Leia a íntegra da entrevista concedida a ZH:
Por que o senhor estava dirigindo com a CNH suspensa? Por que o senhor bebeu e dirigiu naquela noite?
Sobre estar dirigindo, já afirmei para o delegado que estava errado. Assumo meu erro. Não tenho o hábito de dirigir. Esse carro, só para vocês saberem, é um carro que comprei para negócio. Tinha um outro carro, no valor de R$ 60 mil que vendi, e comprei esse por R$ 90 mil. Ando bastante de Uber. Tenho como comprovar. Inclusive, no dia do acidente, andei de Uber várias vezes. Uber, carona, táxi, lotação, ônibus, enfim... Realmente tive essa infelicidade de pegar esse carro para ir nessa festa que nunca tinha ido. Não conhecia a casa. Sobre a questão da cerveja, bebi duas, mas não estava embriagado. Bebi no início da festa. Quando entrei na festa existia uma consumação de R$ 200. Consumi, paguei por 10 cervejas e como tinha R$ 200 acabei dando as cervejas para várias pessoas. Então, após a saída da festa, tinha combinado de sair com o Sandro (motorista do Camaro), de a gente comer um Subway. Mas estava totalmente em condições de dirigir. Em nenhum momento estava com dificuldades de direção.

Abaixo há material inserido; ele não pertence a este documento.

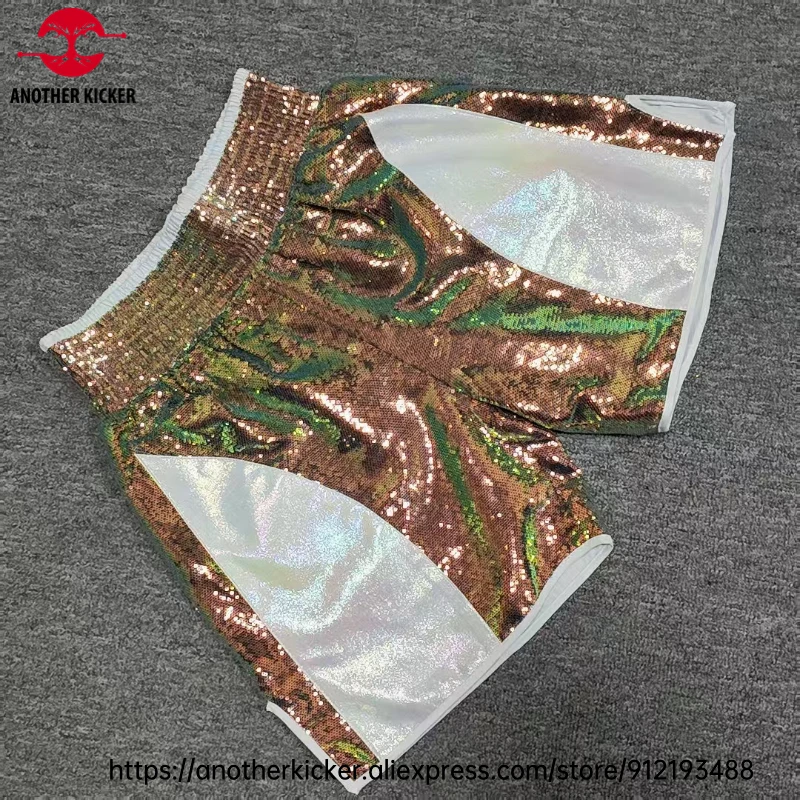 

Sequin Muay Thai Shorts Sparkly Boxing Shorts for Adult Kids MMA Kickboxing Shorts for Training Martial Arts Performance Cosplay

O senhor estava disputando um racha?
Não. Não estava disputando. O Sandro é um amigo pessoal, a gente se encontrou, ele saiu pouco depois de mim. Deixei meu carro em frente à festa. Estava com o Diego, que era o carona, e aí, assim que o Sandro retirou o carro dele do estacionamento chamei o Diego e avisei que iria levá-lo em casa e que iria comer um Subway com o Sandro. Quando arranquei da Silva Jardim e dobrei na 24 (de Outubro), o Sandro já estava lá na frente e a gente foi se encontrar, mais ou menos, na altura da Tok & Stok. Basicamente, a gente deu uma paradinha rápida e aí a gente arrancou. Logo em seguida, o Sandro dobrou à direita na Bordini, inclusive tem como comprovar isso. Segui reto e mais ou menos na altura do União vi um carro branco colando em mim. Estava, realmente a uns 80 km/h, e o cara colou atrás de mim. Peguei e acelerei porque me assustei com ele. Tanto que me perdi naquela curva. Fui olhar no retrovisor para ver se ele estava atrás de mim mesmo e me deu um sexto sentido. Achei que ele ia me assaltar. Aí, quando alinhei o carro, olhei no retrovisor, o cara ainda estava atrás de mim e quando fui olhar para a direção só vi o táxi me pegando. Não vi o sinal. A única reação que tive, acho que foi reflexo mesmo. Basicamente, o carro rodou. Quando parou, saí justamente porque estava sem carteira de motorista, estava ciente disso, e tinha tomado duas cervejas. Não vi em nenhum momento que tinha pessoas machucadas. Em nenhum momento. Garanto. Não enxerguei essas pessoas. A única coisa que vi foi o Diego saindo do carro. Fui até ele, perguntei se ele estava bem e ele disse que sim. Aí acabei indo embora. Única coisa que vi é que um táxi me bateu e que bati num carro estacionado. Tive uma reação de desespero, principalmente, pensando na situação de terceiros. De pelo menos resolver os danos materiais, que foi o que enxerguei naquele momento. Não enxerguei o casal. De forma nenhuma. Não visualizei.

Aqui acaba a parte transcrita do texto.